BY COLLEEN CARROLL CAMPBELL
When Archbishop Raymond Burke publicly rebuked Saint Louis University basketball coach and pro-choice Catholic Rick Majerus last week, he must have known what was coming.
The outspoken defender of Catholic teachings against abortion and embryonic stem-cell research has been at it long enough to know the drill: First come the screaming headlines, then the breathless pundit pile-on, followed by the relentless rehashing of past conflicts and finally the tidal wave of anti-clerical online tirades. Meanwhile, the Catholic he admonished becomes a media darling and his plea for support from a fellow Catholic leader — in this case, Saint Louis University President Father Lawrence Biondi — is met with stony public silence.
Watching the scenario unfold, one can't help but wonder: Why does Burke bother?
He has Catholic teaching about abortion on his side, of course. The church always has considered the intentional destruction of innocent human life through abortion to be a grave moral evil. The church regards embryo-destructive research and euthanasia the same way. Catholic teaching holds that Catholics cannot support these things and remain in good standing with their church.
But as Burke's critics frequently note, plenty of Catholic bishops parrot this teaching without provoking such ire. They don't make headlines. They don't take on popular politicians or sports figures. And they certainly don't dwell on that sticky church law that forbids Catholics from receiving Communion if they obstinately persist in serious sin.
To do so would be public relations suicide. Every bishop knows it.
Yet Burke and a handful of his peers — including Archbishop Charles Chaput of Denver and Bishop Thomas Olmsted of Phoenix, among others — not only proclaim Catholic doctrine but also apply it to Catholics in their midst. Concerned that decades of cultural accommodation have left American Catholics indifferent to the 1.3 million unborn children aborted each year, these bishops prefer the mortification of a media circus to the queasy calm of ignoring injustice.
Their critics say they are unreasonable and out of touch. But history may say otherwise.
Not so long ago, U.S. Catholic bishops saw another group of people treated as disposable property. Although a paper trail of papal decrees condemning the slave trade stretches back to the early 1400s, most American Catholic bishops sat out the pre-Civil War abolition debate. Historians say they feared proclaiming the fullness of Catholic teaching on the subject, lest they jeopardize their precarious position in America and anger Catholics who supported slavery.

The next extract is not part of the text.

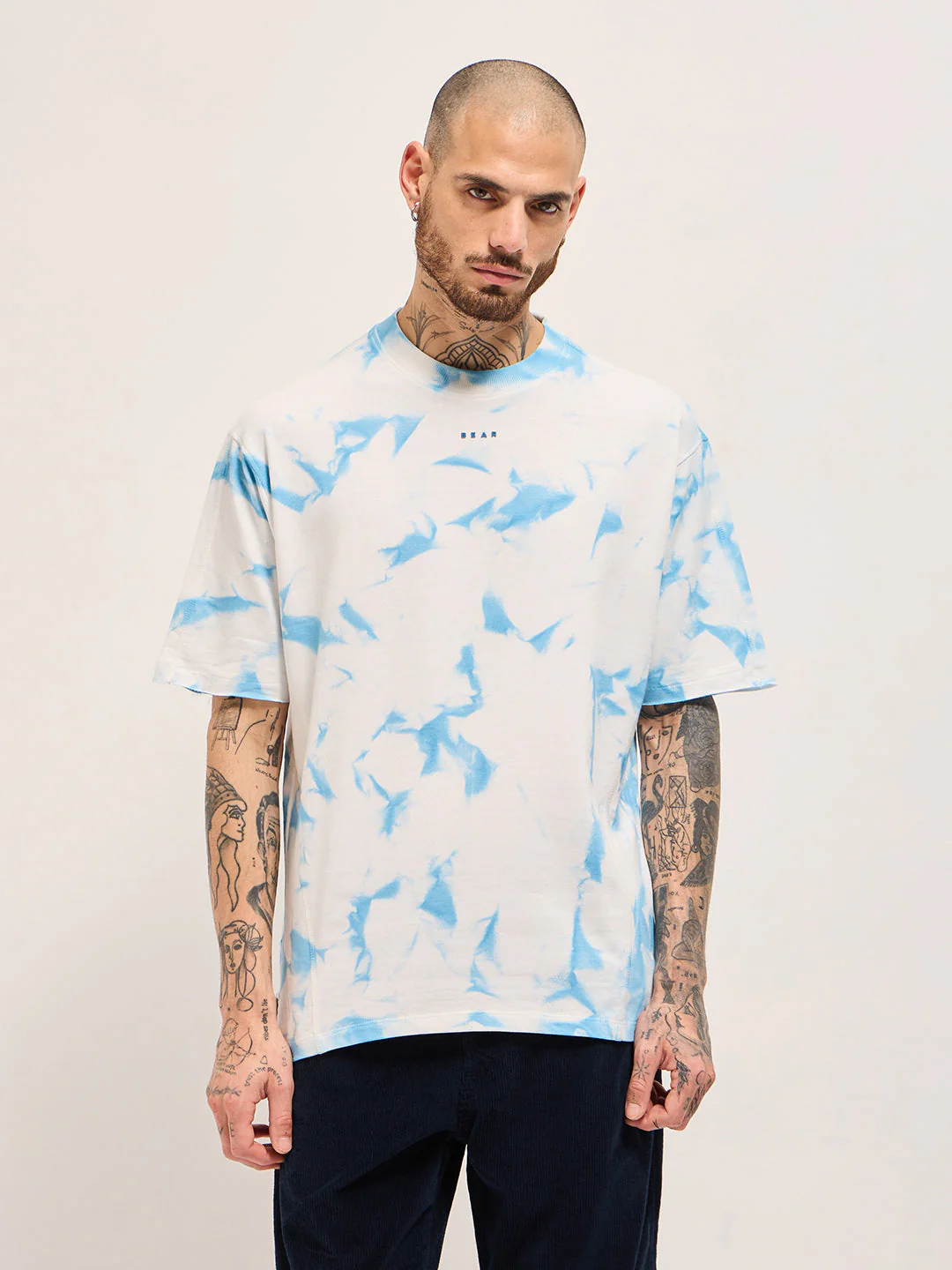 Men WhiteBlue Tie-Dye Oversize Crew Neck T-shirt - Image 6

Throughout our history, America's story has been one of an expanding circle of concern embracing human beings once dismissed as unworthy of protection. Given that trajectory, it is reasonable to believe that the struggle to guarantee protection for unborn human lives someday may join the abolitionist and civil-rights efforts as defining movements in our history. If and when that day comes, it will be leaders such as Burke, not their accommodationist critics, upon whom history will smile.